Régis Coulbault

Personal information
- Date of birth: 17 August 1972 (age 53)
- Place of birth: France
- Position: Midfielder

Senior career*
- Years: Team / Apps / (Gls)
- 1991–1997: Toulon / 94 / (1)
- 1997–1998: Southend United / 36 / (4)
- 1998–2001: Saint-Cyr
- 2001–2003: Hyères FC / 60 / (0)

= Régis Coulbault =

French footballer (born 1972)

Régis Coulbault (born 17 August 1972) is a French retired footballer who mostly played as a defender. He notably played in Ligue 1 for Toulon before a spell in England with Southend United.
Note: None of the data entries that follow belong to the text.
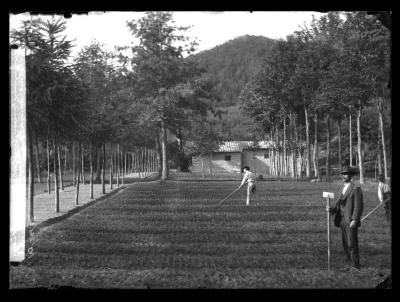 Government nursery Camaldi weeding transplant beds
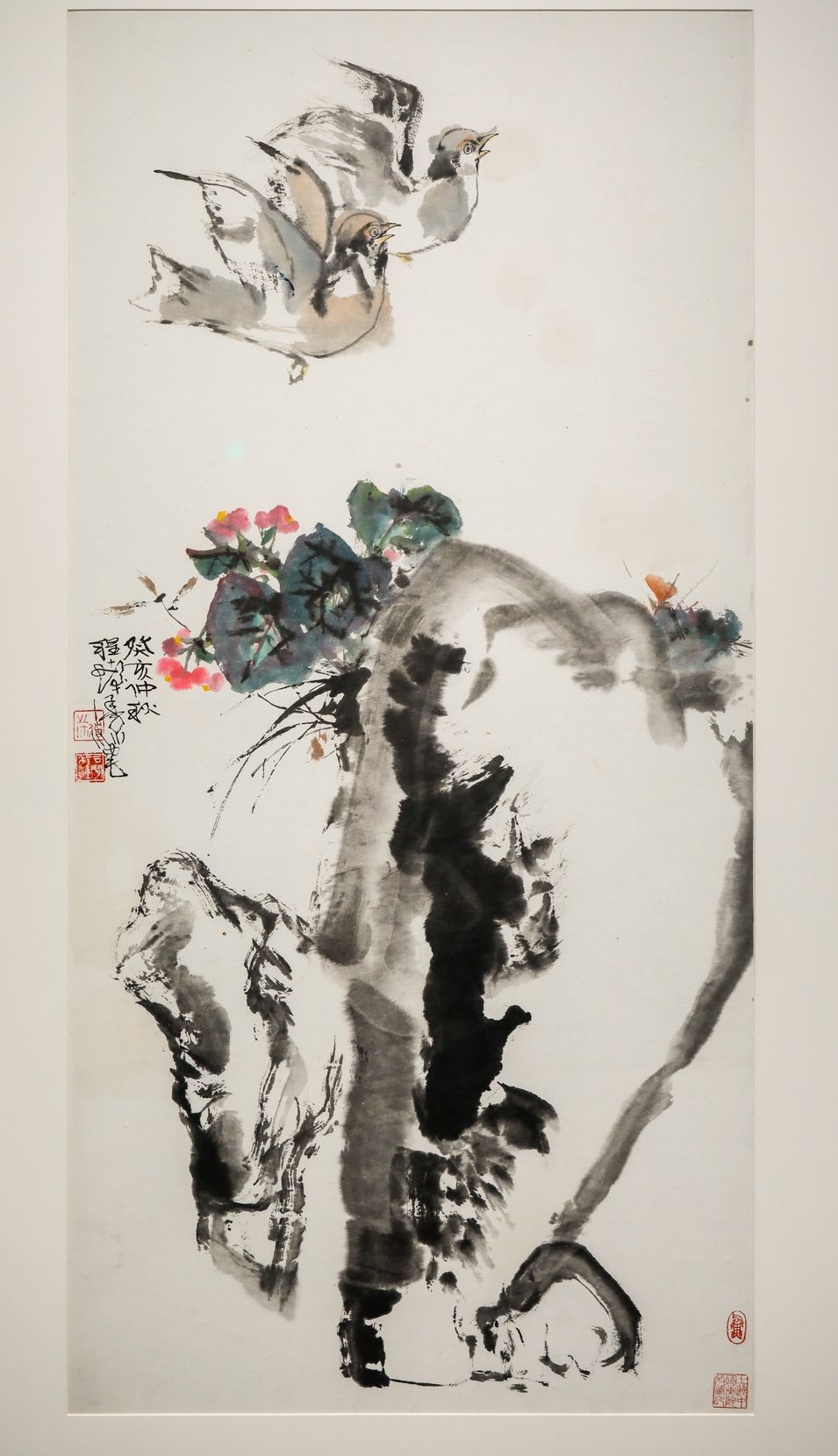 鸽子花石缩略图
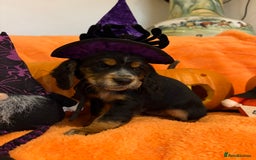 Cocker Spaniel dogs for sale: Cocker spaniels  - Image 16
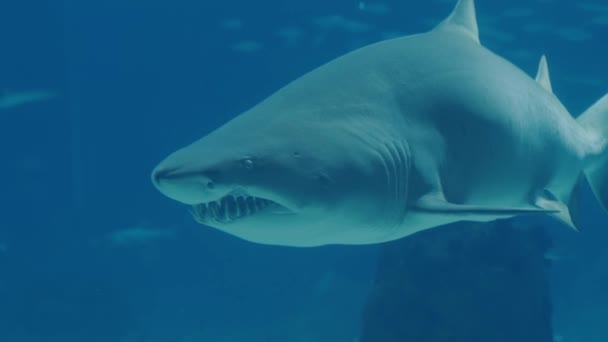 ใกล บปลาฉลามว ายน าในน ปลาฉลามอ นตรายท กรามคมลอยอย ในมหาสม แนวค ตทางทะเล — วีดีโอสต็อก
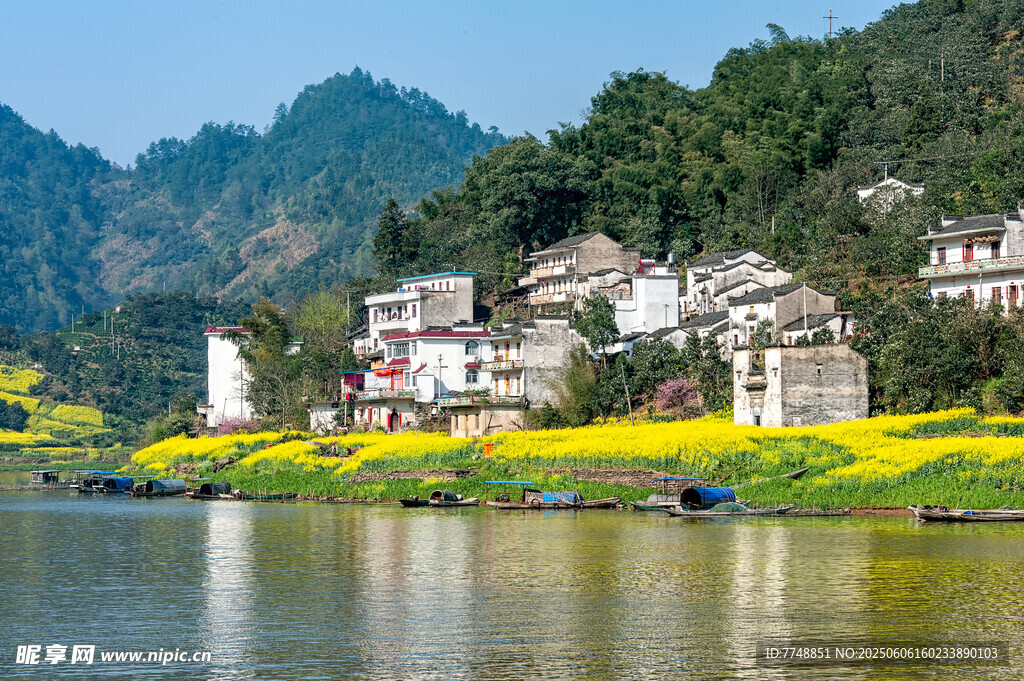 河畔村落 油菜花開美景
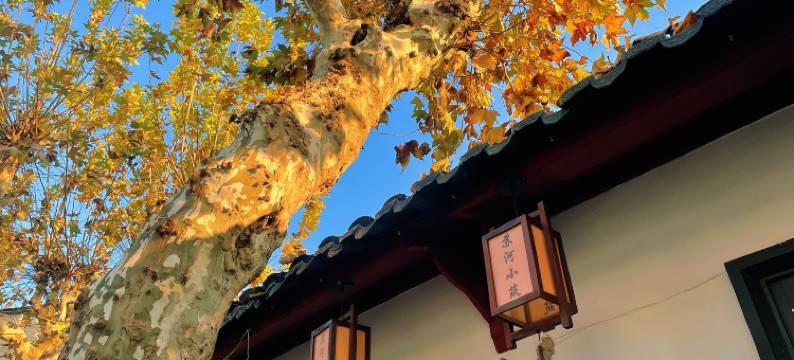 苏河小筑·Encounter河畔美宿(平江路拙政园店)图片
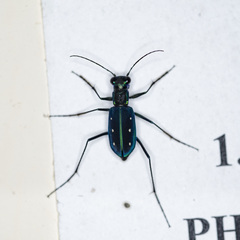 Cicindela flavomaculata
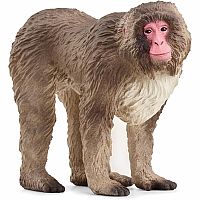 SCHLEICH JAPANESE MACAQUE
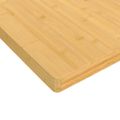 vidaXL Stolová doska 40x80x4 cm bambus
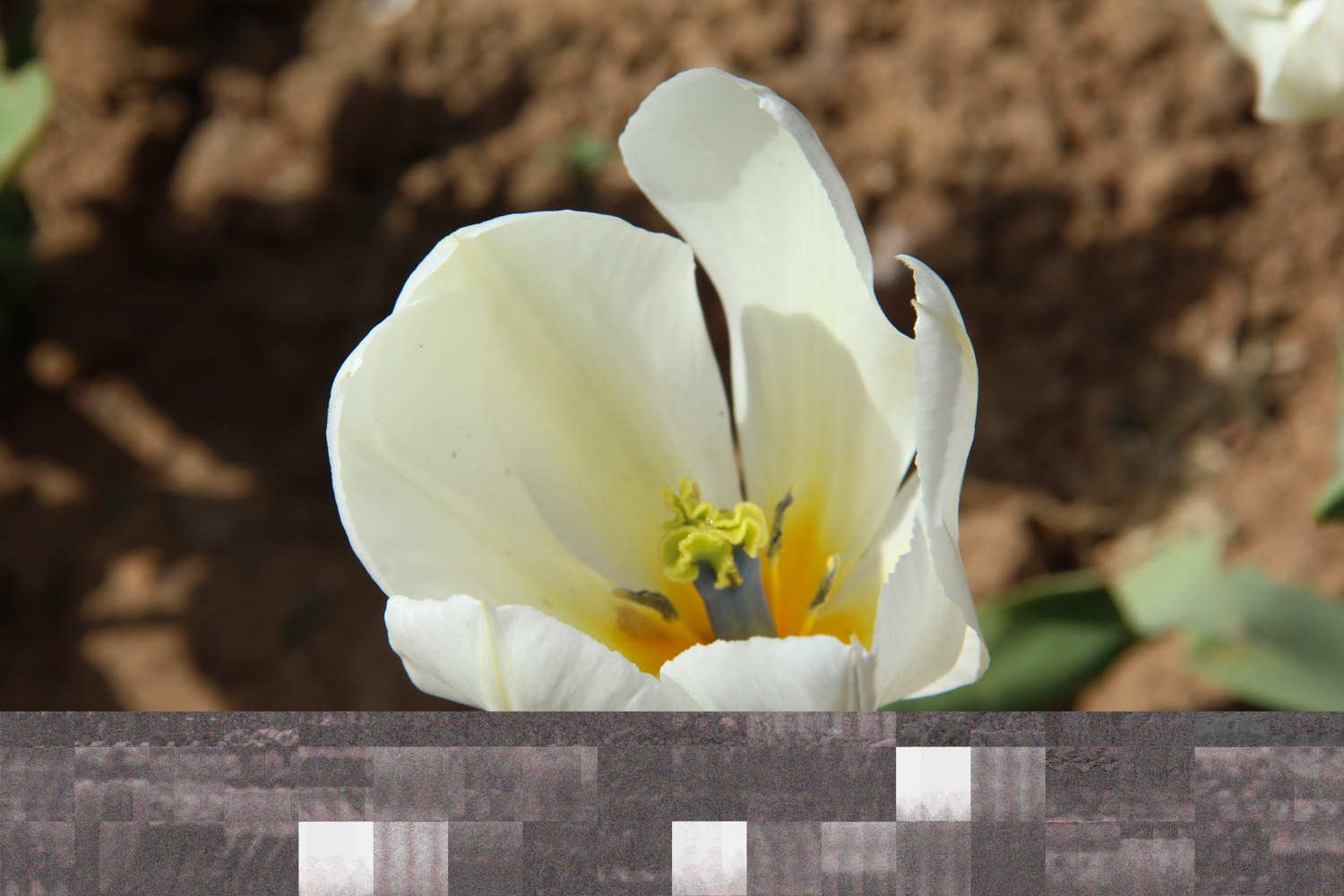 世界花后——郁金香(图2)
He went on to play in Championnat National 2 with Hyères FC and in Non-League with F.C. Saint-Cyr. He retired in 2003 and now works as a manager at Regional' Golf.

==Career==

===Toulon===
Coulbault is a product of the Toulon youth system. He made his first-team debut in Ligue 1 during the 1991–92 season before becoming a regular member of the Starting XI in 1993–94. In the 1995–96 season Coulbault was the starting right back on the team that reached the quarter-finals of the French Cup by eliminating a Zinedine Zidane led Bordeaux team. Coulbault was tasked with marking Zidane for large portions of the game and created the equalizing goal with a deep cross from the right to take the match to extra time where Toulon won 3–2. That same season Toulon won the Championnat National title and promotion to Ligue 2. In the final game of the season against Stade Briochin Coulbault won the game with a Golden Goal in extra time.

===Southend United===
After playing in several trial games in pre-season during the summer of 1997, Coulbault signed for Southend United on a one-year contract. He made his debut against Bristol City as a 56-minute substitute and scored his first goal for the club, a 40-yard strike, three games later in a 1–1 draw with Oldham Athletic. In December he scored his third goal for the club, a "Memorable" winner in extra time against Gillingham, this was followed by more late-game heroics as he slotted home a late equalizer away to Brentford on Boxing day, securing a draw after the Shrimpers had gone down to 10 men early in the second half.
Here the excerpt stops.